‘Ja, maar…’
De Marokkanen hebben in een referendum met grote meerderheid ingestemd met een nieuwe grondwet voor meer democratie. Maar jonge betogers morren: de hervormingen gaan voor hen niet ver genoeg.
Een mail van onze chef buitenland: ‘Marokko nodigt u uit om het referendum over de grondwetswijziging van 1 juli bij te wonen.’ De voorbereiding zal helemaal fout lopen. Eerste secretarissen en andere medewerkers van de ambassade in Brussel bellen zich een boksersoor naar Rabat voor een fiat voor een reis voor journalisten. Zonder veel respons. Rabat zwijgt in alle talen.
Tot we op 29 juni kunnen vertrekken. Maar aan de incheckbalie van Air France trekken de stewards grote ogen. ‘U kunt nog niet inchecken, mevrouw. U bent veel te vroeg…’ Het ticket blijkt geboekt op 29 juli in plaats van 29 juni.
Zou Marokko niet erg happig zijn op pottenkijkers?
Vreemd, want de opkomst voor het referendum is met 72,6 procent massaal, en bijna alle Marokkanen – 98,9 procent – hebben met de grondwetswijziging ingestemd. ‘Het referendum was dan ook een prompte reactie van onze hervormingsgezinde koning Mohammed VI op de eisen van de jonge betogers die de afgelopen maanden meermaals op straat kwamen. Zij willen meer democratie en vrijheid, een anticorruptiebeleid, een strikte scheiding der machten en een beter bestuur’, zegt de Marokkaanse ambassadeur in Brussel, Samir Addahre. ‘Bij zijn aantreden in 1999 had koning Mohammed VI al stapsgewijze hervormingen op gang gebracht. Het referendum is daarmee ook het sluitstuk van een lang proces.’
In de nieuwe grondwet wordt de macht van de koning beperkt. De premier krijgt meer bevoegdheden. De koning kan de eerste minister niet langer zelf aanwijzen, maar moet hem kiezen uit de grootst verkozen partij. Evenmin kan hij de lijnen van zijn regering blijven uitzetten, hij is uitsluitend nog de scheidsrechter bij politieke betwistingen. Ook ligt de wetgevende macht voortaan alleen nog bij het parlement.

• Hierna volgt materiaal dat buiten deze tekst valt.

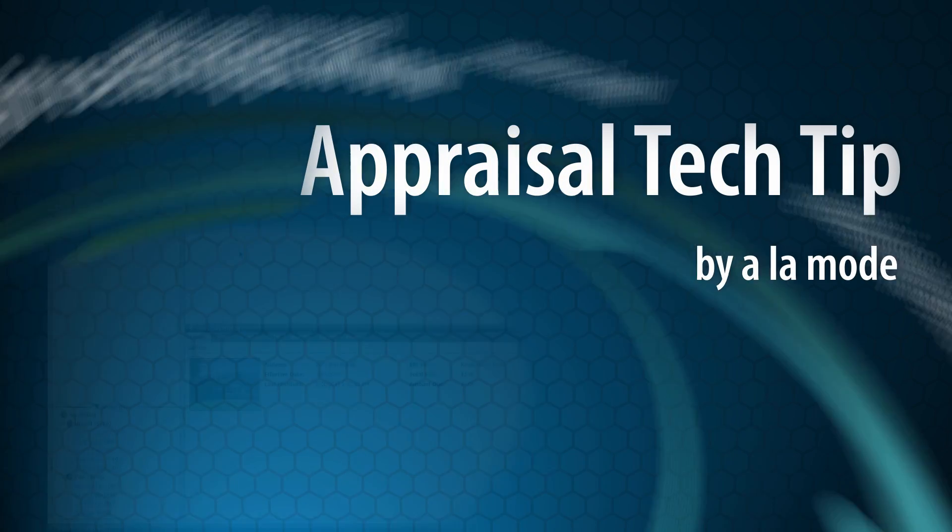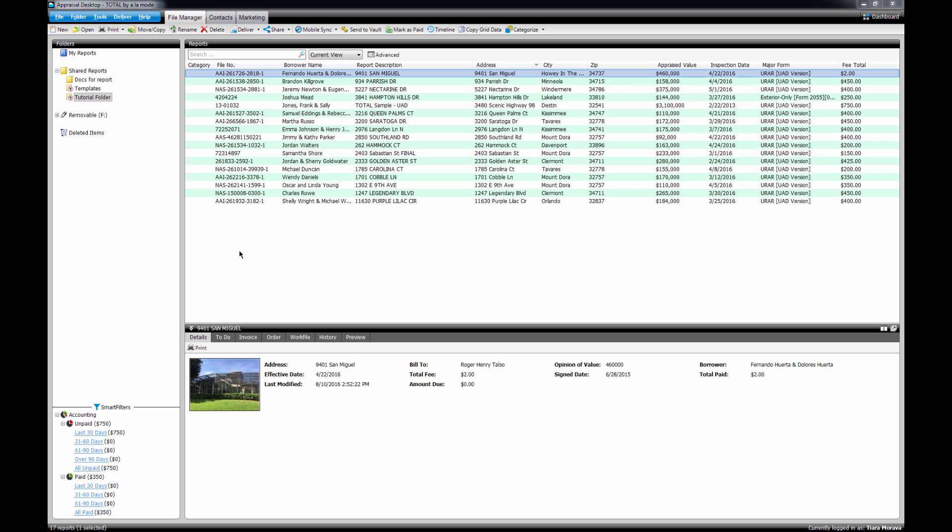If you're working on multiple appraisals at a time, it can get confusing and easy to forget what step in your workflow you left off on in your appraisal desktop. Instead of looking at just the report details, use Total's new colored categories to keep yourself on track and know visually where you are in your appraisal process.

Tenminste, zo klinkt het officieel. Maar vanuit bepaalde hoeken krijgt de nieuwe grondwet veel kritiek. Sommigen vinden het een flauw afkooksel van de ingrijpende hervormingen die de koning beloofd had bij zijn eerste toespraak op 9 maart. Binnen de nieuwe grondwet blijft de koning oppermachtig, vinden ze. Hij behoudt alle zeggenschap over religie, interne veiligheid, het leger en politiek-strategische keuzes. Hij heeft nog altijd de macht over alle politieke operaties van begin tot eind. ‘De nieuwe grondwet verandert niets aan het zelfbeeld van Mohammed VI als de koning-God’, schrijft het bijzonder kritische en onafhankelijke Marokkaanse weekblad Telquel. ‘De koning geeft de indruk dat hij de sleutels uit handen geeft aan de premier, maar hij houdt een kopie op zak.’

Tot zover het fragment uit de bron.